▸ Supplied data:
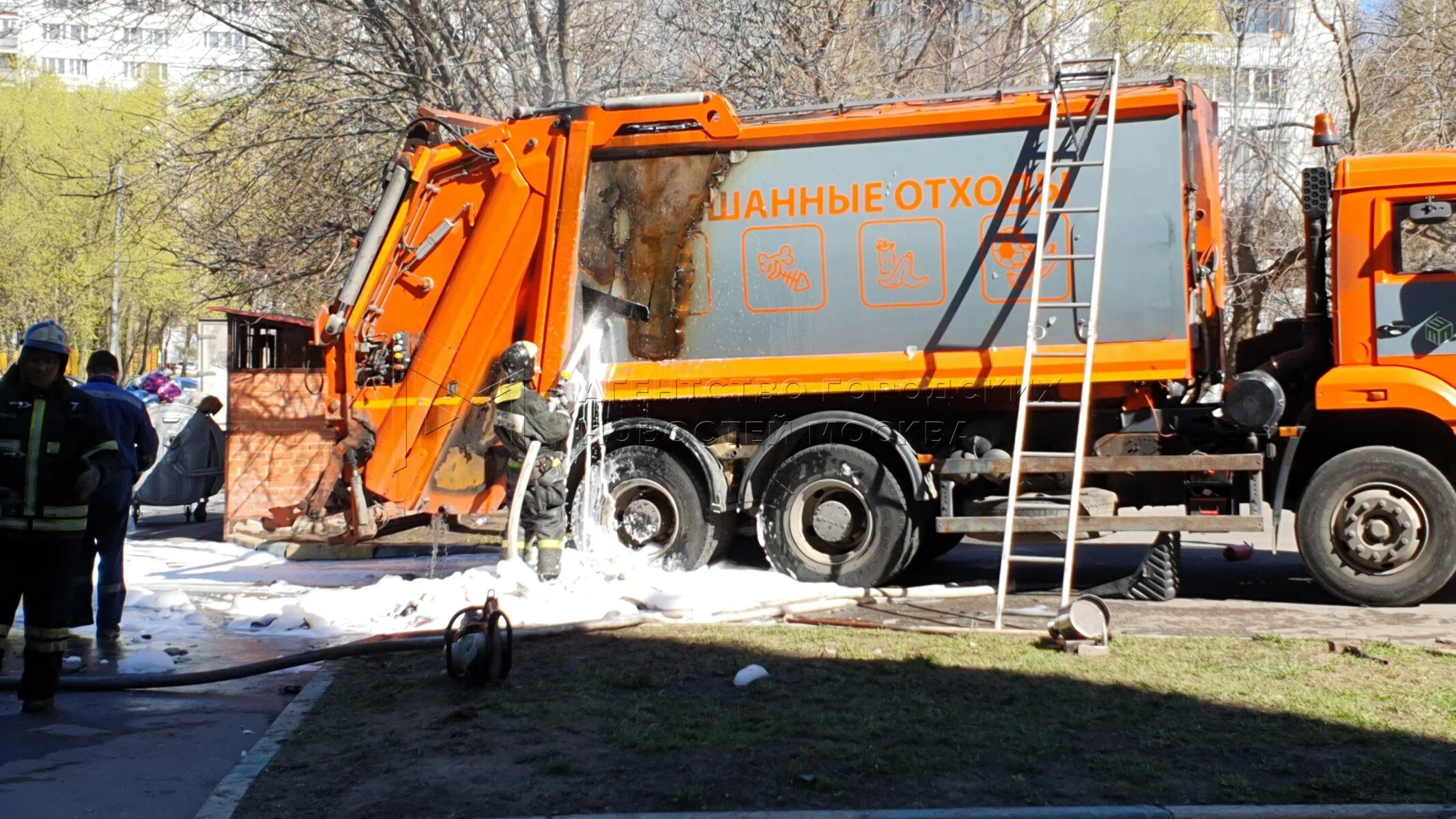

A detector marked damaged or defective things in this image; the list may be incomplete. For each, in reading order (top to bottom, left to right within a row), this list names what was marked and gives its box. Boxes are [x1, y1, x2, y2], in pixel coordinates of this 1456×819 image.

burned paint on truck [579, 113, 1194, 364]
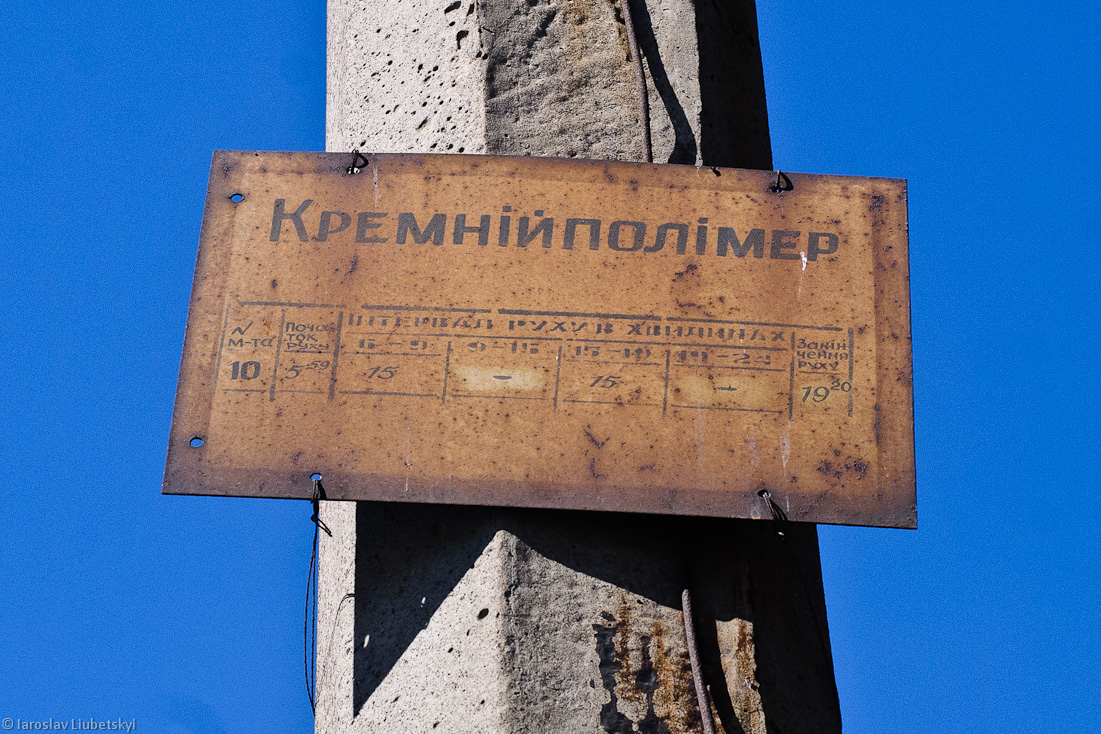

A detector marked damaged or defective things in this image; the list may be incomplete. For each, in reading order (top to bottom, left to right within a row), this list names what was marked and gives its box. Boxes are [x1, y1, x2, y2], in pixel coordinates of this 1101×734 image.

rusty metal rod [620, 0, 651, 161]
rusty metal sign [162, 150, 916, 528]
rusty metal rod [682, 589, 717, 734]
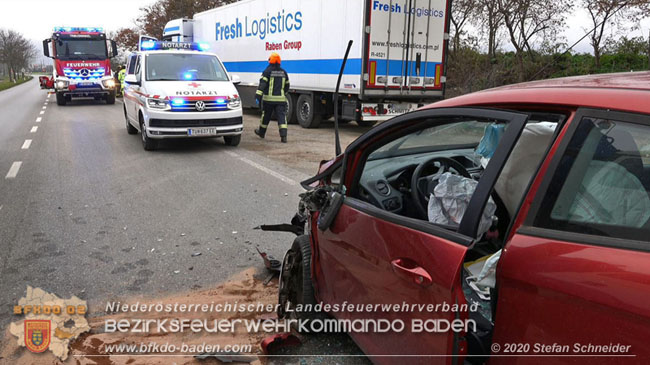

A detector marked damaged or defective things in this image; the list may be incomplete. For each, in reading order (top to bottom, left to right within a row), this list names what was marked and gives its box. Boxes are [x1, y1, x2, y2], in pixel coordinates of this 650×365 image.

crushed car wheel [276, 233, 322, 322]
damaged red car [270, 72, 648, 362]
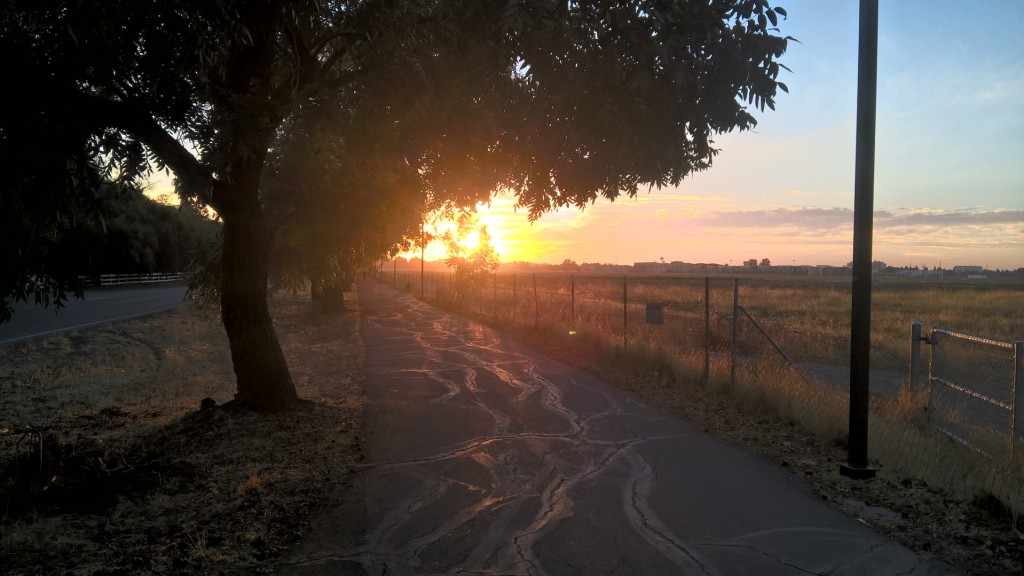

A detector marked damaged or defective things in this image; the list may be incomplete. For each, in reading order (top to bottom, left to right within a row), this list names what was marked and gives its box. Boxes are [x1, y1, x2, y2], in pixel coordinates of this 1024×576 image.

cracked pavement [276, 278, 954, 573]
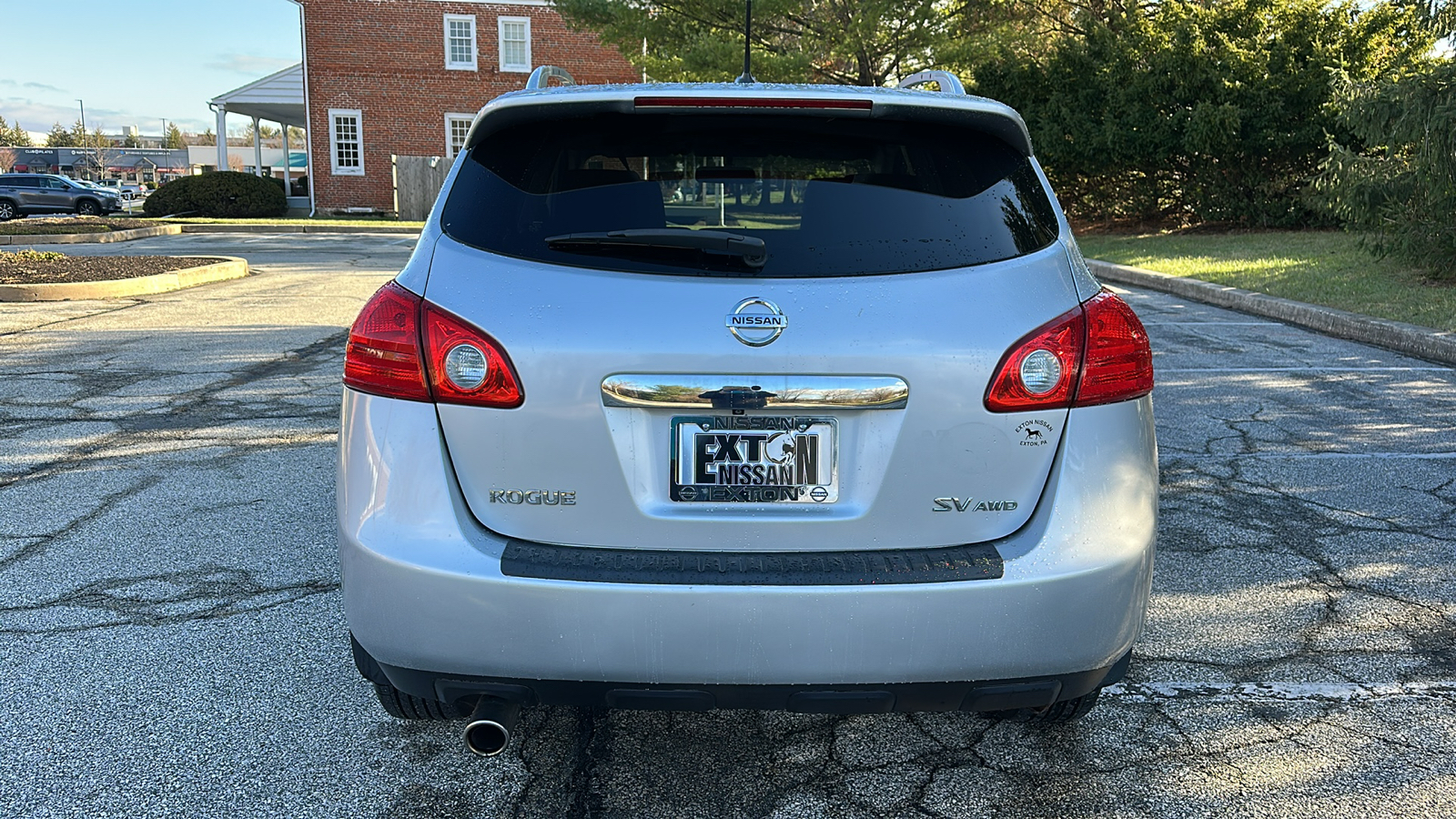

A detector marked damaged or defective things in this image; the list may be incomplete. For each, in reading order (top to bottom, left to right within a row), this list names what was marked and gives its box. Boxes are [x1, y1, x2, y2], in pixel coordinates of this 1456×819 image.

cracked pavement [3, 233, 1456, 810]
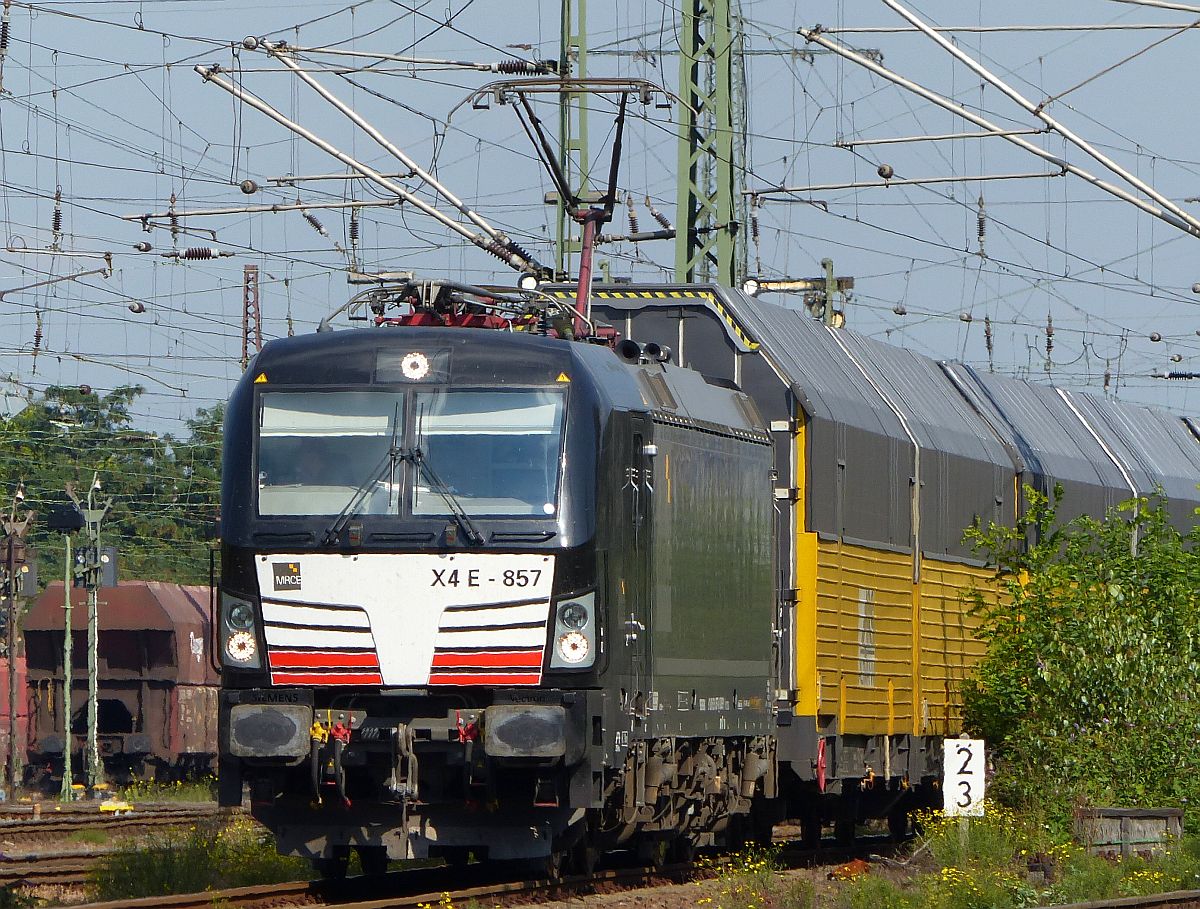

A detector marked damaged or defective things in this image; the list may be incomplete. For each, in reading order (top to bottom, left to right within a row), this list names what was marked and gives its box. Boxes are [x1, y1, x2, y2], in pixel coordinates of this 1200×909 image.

rusty freight wagon [24, 584, 218, 784]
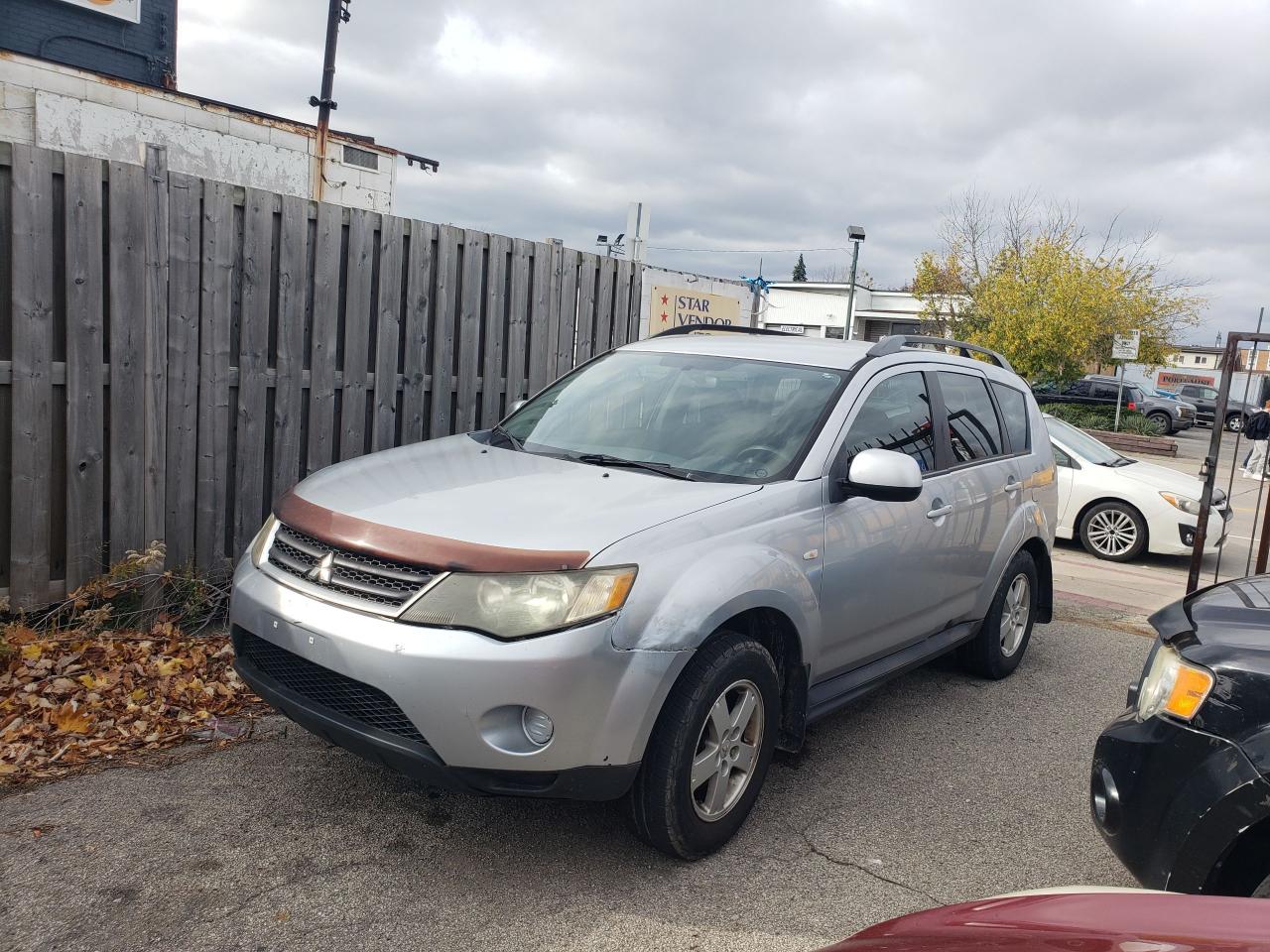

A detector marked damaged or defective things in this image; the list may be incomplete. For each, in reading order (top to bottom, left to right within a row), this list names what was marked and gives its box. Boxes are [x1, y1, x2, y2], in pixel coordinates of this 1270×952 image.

▸ Exercise requirements:
Only the lines from the one containing "this 1200×909 image." through the last line of the entries above should be copied, exactly as they are and without the pictures.

▸ Solution below:
A detector marked damaged or defective things in this image; the list may be incomplete. For each, in reading order (top to bottom, left to right within a row), this list names what was marked and gives its box. Boxes are [x1, y1, x2, y2], in pixel coordinates of this 1200×909 image.

rusty freight wagon [24, 584, 218, 784]

A detector marked damaged or defective things in this image; the list may be incomplete. For each, in reading order (top to bottom, left to right within a row), this list names what was marked and gives its box. Boxes are [x1, y1, x2, y2], in pixel coordinates of this 1270×952 image.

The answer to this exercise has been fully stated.